Nor was he sure that he wanted to make the break. Were he alone he would have been carried back to a farm as surely as drift wood is carried to shore. But he hated to plunge us into uncertainty. Farm conditions--well, you've heard of them. And we did have an income--which might as well have been called an outgo.

As for myself, I felt this way:  Were I set down in the middle of a great city with him, where he must earn his living with his head, I fear our living would be of the meagerest. Were we shipwrecked on a desert island it would not be long, I am sure, until we were living in ease, and such luxury as the island afforded, so great is his resourcefulness when put up against difficulties of the soil.

Yet we let that spring pass, and the summer--

But in the fall--he'd been secretary for our county fair for many years--when I saw how that fair gripped him! He worked with farm people again, grappled with farm problems. Overnight he became different. He worked sixteen hours of every day, or more, without in the least wearying. His elasticity returned. And happy!

"That settles it," I insisted, watching him "cease to live" after the fair. "Next spring we go on a farm. We've got to manage it."

He wrote letters while I prayed that some way would be found for him to do the work he loved to do. Which did the work? Both, perhaps, for God helps them that help themselves.

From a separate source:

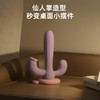 司沃康SX031A仙人掌女用三震吮吸震动棒 商品缩略图2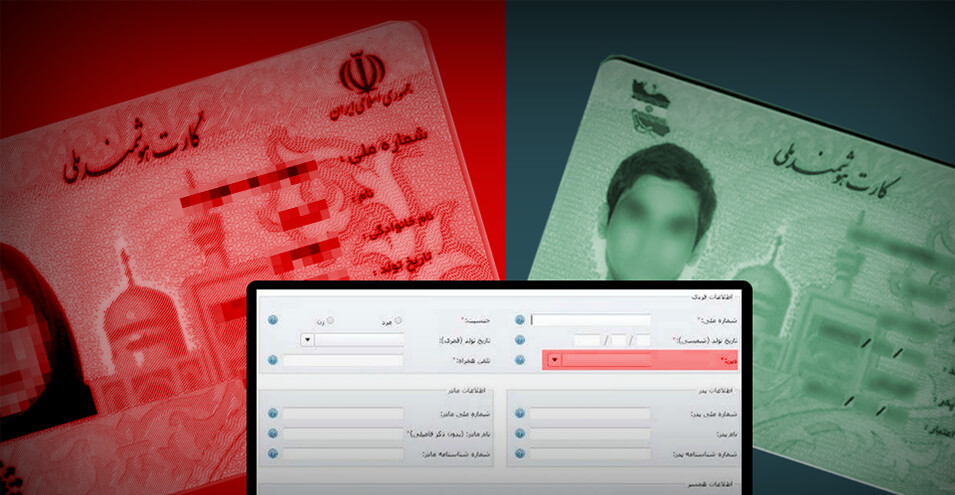 جمهوری اسلامی ایران امکان دریافت کارت ملی را از اقلیت های مذهبی غیر رسمی سلب کرده است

It has always been a dream of his to rebuild a run down farm, even when we lived on one of Iowa's most modern farms. For a long time he looked away from Iowa's high priced farms to the deserted farms of the East. Grazing beef in New York, or raising hogs in the South. As for me, of all farming countries, Norway or Sweden--where they tie their cows to a tree to keep them from falling out of their pastures--has appealed to me. Farming in the mountains!